The scientist currently uses use a retrofitted satellite tracking telescope in NEO work here on Earth. The instrument, based at the University of Calgary’s Rothney Astrophysical Observatory (some 75 kilometers southwest of the city) is an extensive re-build, a Cold War era instrument whose motors were replaced, its mount and optics modified and its electronics brought up to speed several years ago at the cost of $500,000. The telescope has been in asteroid-spotting use ever since.
Image: What we’re all hoping to avoid, an artist’s conception of a near-Earth object heating up as it encounters the upper atmosphere. Credit: Melinda Wenner/Wired Magazine.
Taking the asteroid search into space in the form of the Near Earth Object Surveillance Satellite (NEOSSat), an event that could occur within two years, would create the first space-based asteroid telescope, one to be used not only for identifying potential threats but also for helping us firm up our inventory of asteroids near enough to the Earth for manned missions.
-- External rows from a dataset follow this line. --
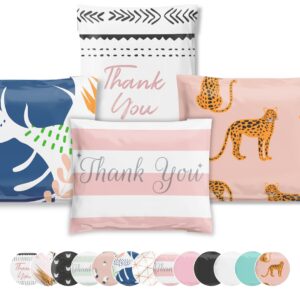 a la mode Mailers Animal Print Cheetah Strawberry Safari Reusable 12.5x15 Poly Mailers 50 Pack - Image 171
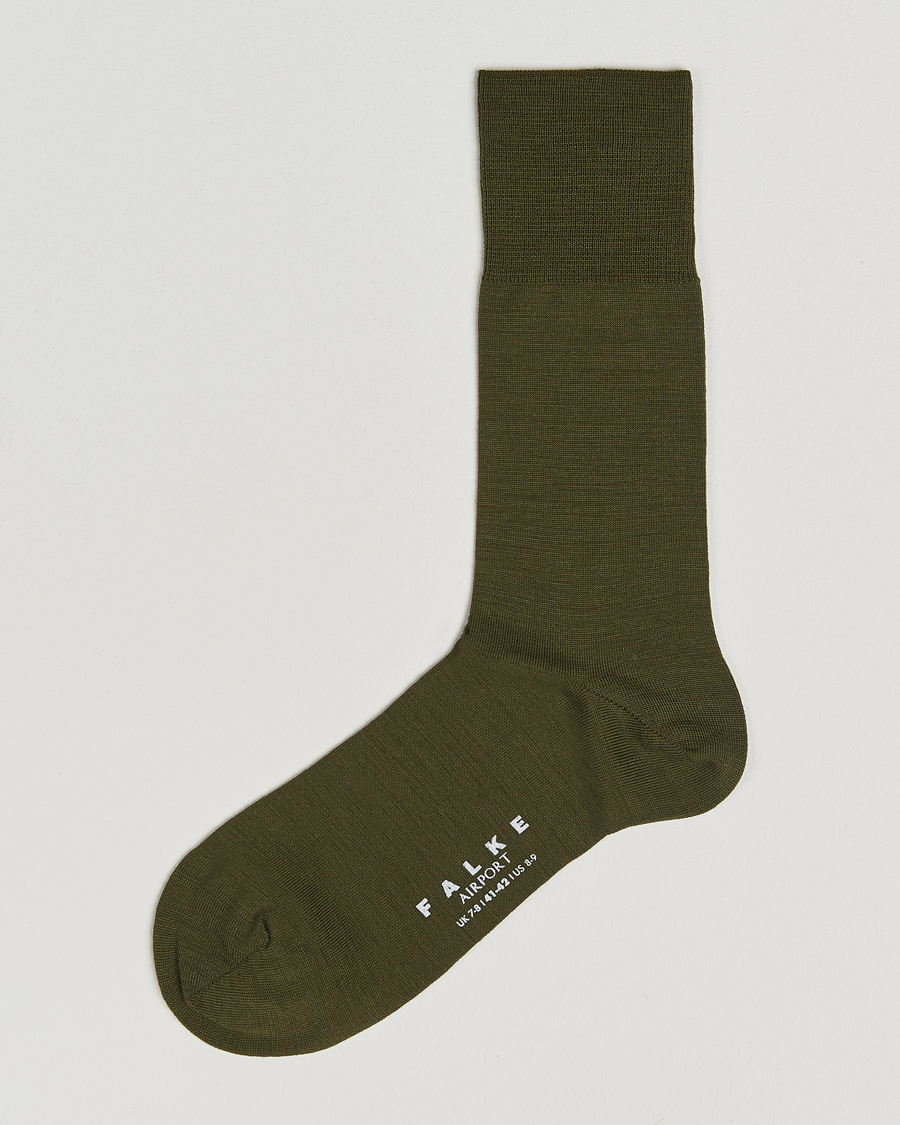 Heren | Ondergoed | Falke | Airport Socks Grass Green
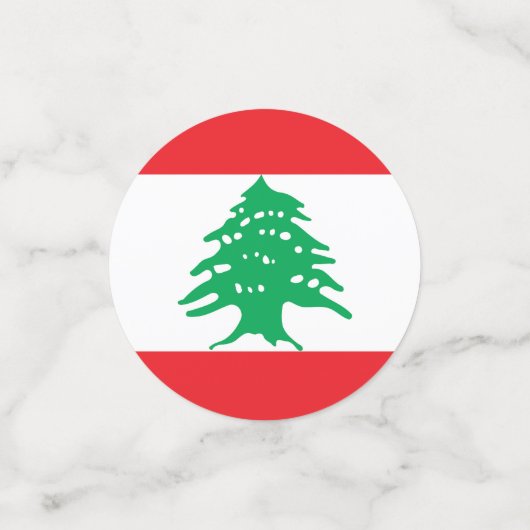 Libanese vlag confetti (Kleine voorkant)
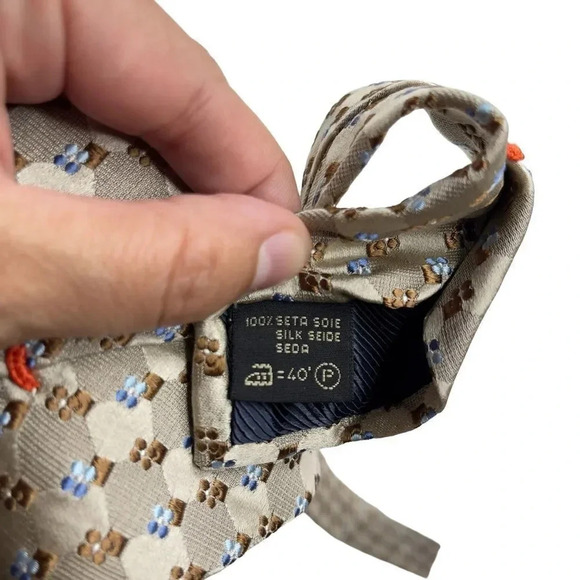 ERMENEGILDO ZEGNA Purple Striped Silk Tie Italy 60"-3,5" - Picture 5 of 7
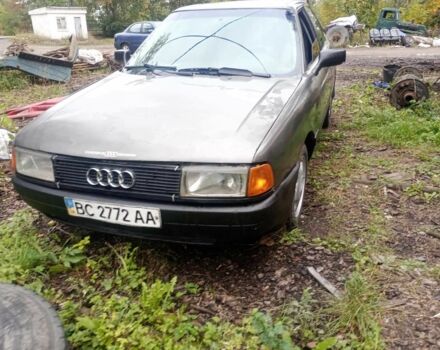 Серый Ауди 80, объемом двигателя 1 л и пробегом 500 тыс. км за 1000 $, фото 1 на Automoto.ua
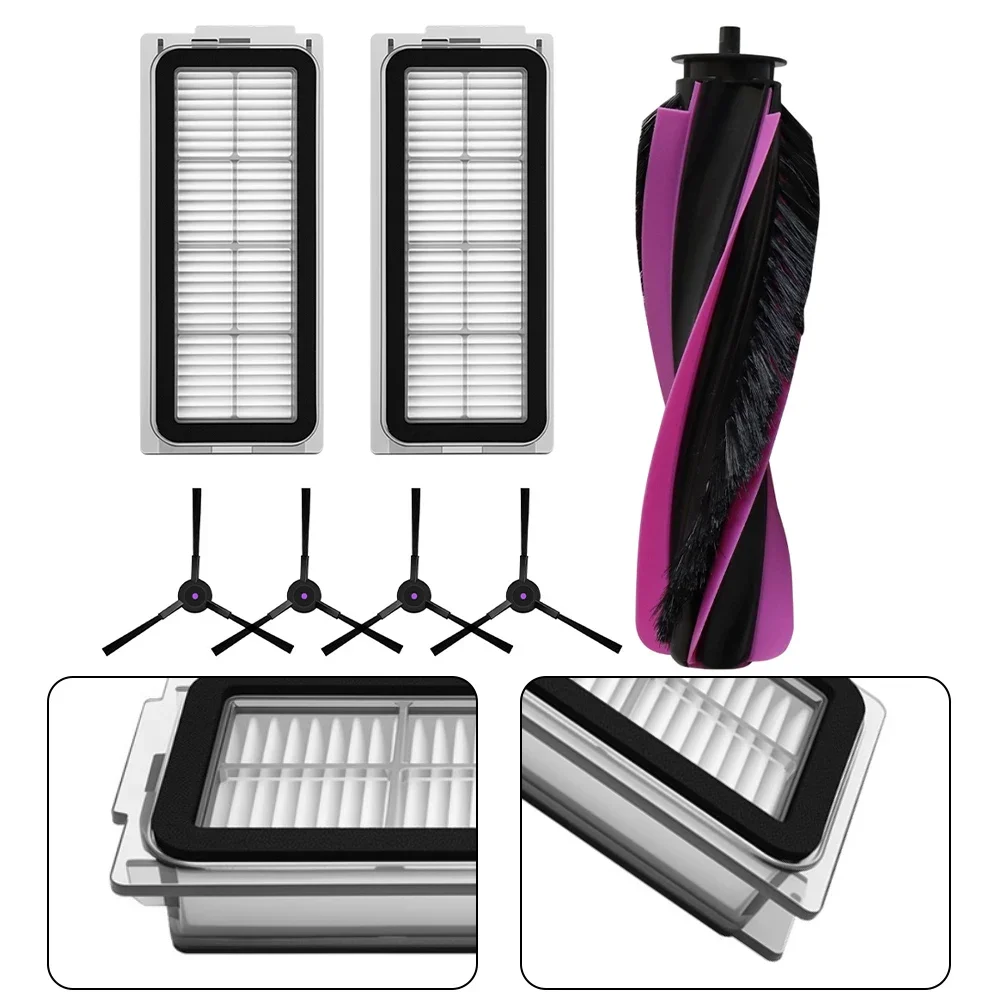 

1 Set For-Airbot Main Side Brush Filter For Airbot L50 Master Robot Vacuum Cleaner Replacement Accessories Cleaning Parts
Nor is the suitcase-sized microsatellite a costly investment, totalling $10 million. Its position in space should allow the observatory to block sunlight to look for objects between the Earth and the Sun that are otherwise difficult to see.
Because some of these asteroids come close to matching Earth’s orbital speed, a robotic or manned asteroid mission becomes a distinct possibility. That would offer not only useful information about the early Solar System — such asteroids being remnants of same — but would also help us take the measure of the kind of objects we might one day need to push out of Earth-impacting trajectories. Would nukes work? Gravitational tugs? Sooner or later we’ll fly a NEO mission because we need to understand the nature of these asteroids as we assess the various strategies for dealing with them.
NEOSSat has the potential of cataloguing at least 50 percent of the one-kilometer or larger NEOs that orbit largely between Earth and the Sun, as New Scientist reports. Interestingly, the magazine cites Timothy Spahr (Harvard-Smithsonian Center for Astrophysics) as saying that an even better idea (though obviously far more expensive) would be to place a NEO-watching observatory in orbit around Venus, where the inventory of inner system objects could be even more definitively compiled.
Addendum: Although I had original identified Chixculub as the world’s largest impact crater, reader James Davis Nicoll quickly corrected me. Both Vredefort (300 km) and Sudbury (250 km) are larger.